Just as he began to chant again, just as it started to glow, something else interrupted the ritual once more. Adrian’s focus slid from the amulet to the man’s chest as it began to move. For a second, he just watched as the front of his coat writhed before he realized something was inside of it.
Adrian unzipped the coat slowly, sniffing the air, trying to filter through the smell of blood behind him and the musky smell of the man in front of him to try and decipher what this man had been harboring under his jacket. But nothing was registering, so when the small, chubby face of a baby suddenly appeared, he blinked a few times to make sure he was seeing this right.
What the f**k.
Later that night when he arrived at headquarters, which was housed underground his company's building, holding the infant within his arms, a lot of heads turned his way. But he ignored his colleagues, keeping his eyes facing forward as he strode down the hallways toward the infirmary. He knew what he was doing looked odd, looked out of place. And he didn't really understand what he was doing either. This didn't make sense to him, yet here he was doing it!
By the time he had reached the emergency medical wing, laying the baby on a gurney, his boss pushed through the double doors. He hadn't called his boss to meet him, but Adrian knew someone did because there was no reason for him to be there.
"Cian, what the hell are you doing?" Âlde Tire asked, his hand fanning over the child whose face had bunched up, lip trembling, as he prepped to cry. He looked at his boss, staring into his steely grey eyes, noting the perturbed raise of his ebony brow.

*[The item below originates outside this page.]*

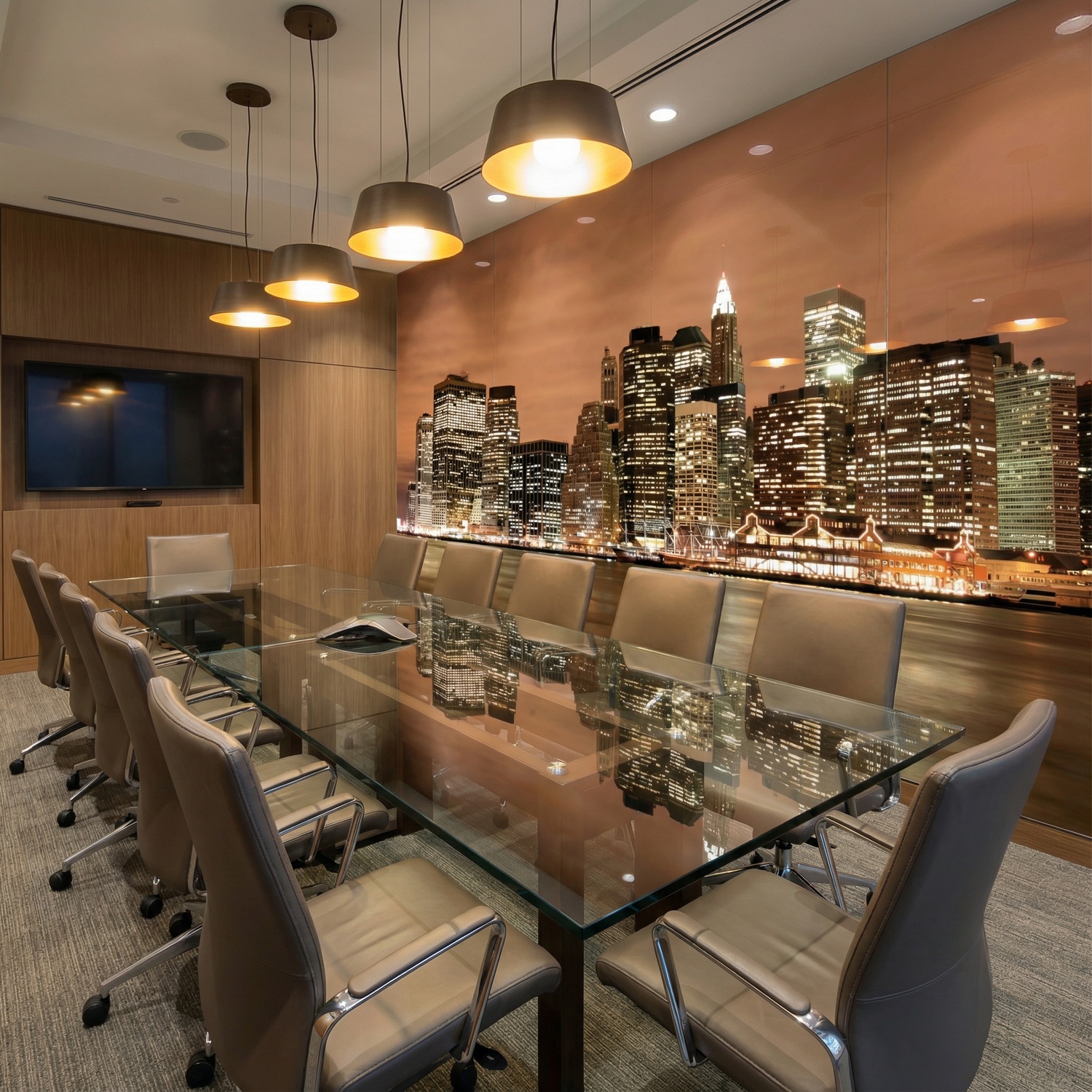 Wall Murals: New York Skyline at night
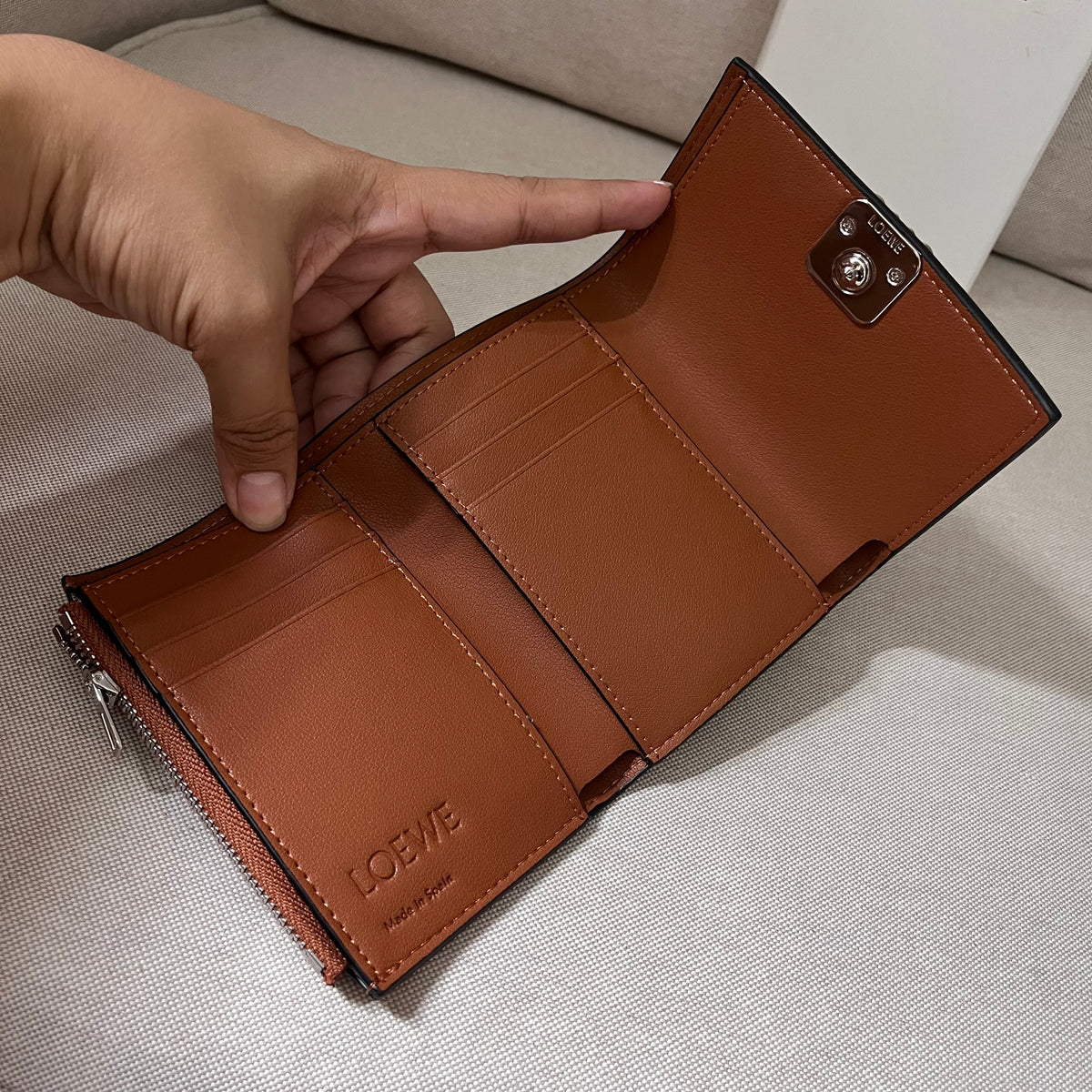 Loewe Bifold Wallet (Brown)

"I told you not to call me that," Adrian growled, glaring at him, even as his hand reached out and stroked the baby's belly, hoping to soothe him. Looking at the child, he said, "I just sent his father to Hell, basically in a body bag, and I wasn't sure if the baby held the Blood markers, too?"
"It's a good bet the baby does," Âlde Tire said patiently. "You should have just done the kid a favor and sent him, too."
"We can at least check?" Adrian said. "I mean, sometimes it skips generations? And sometimes, like my Aunt Jaelyn, the Blood can be altered."
Âlde Tire sighed. "If you want, we can check. But this might not end up how you want it to, Ci--... Adrian." He observed Adrian's hand as it continued to massage along the child's belly. "So, don't get too attached."
He sneered, pulling back his hand. "I'm not getting attached." How could he even insinuate that! Getting attached to a Tainted's child? That's bullshit! "The kid just wasn't part of the hit, is all. I didn't need to deport him, too."
Âlde Tire's brow rose, "Well, we might need to still deport him? Depending on what the tests say." He paused, watching Adrian closely. Too closely for his liking. Âlde Tire like him, a Lycan, though different. His beast was ancient, and was said to be the very first Lycan ever created by their deity, the Moon Goddess. So, he had many gifts, gifts that he was trying to use now to sift into Adrian's mind and figure out his intentions. The truth was, Adrian didn't know what the f**k he was doing. Even he didn't know his intentions. Âlde Tire was right. He should have just saved everyone the headache and deported the kid. Finally, his boss said, "I'll let you know when I get the results."
"I don't-- need to know." Adrian made a face. Why did Âlde Tire think he cared? f**k that bullshit. He didn't care if this kid lived or died! Stepping back from the gurney and turning away. As he retreated, he raised his hand up, waving goodbye, "Thanks, Uncle."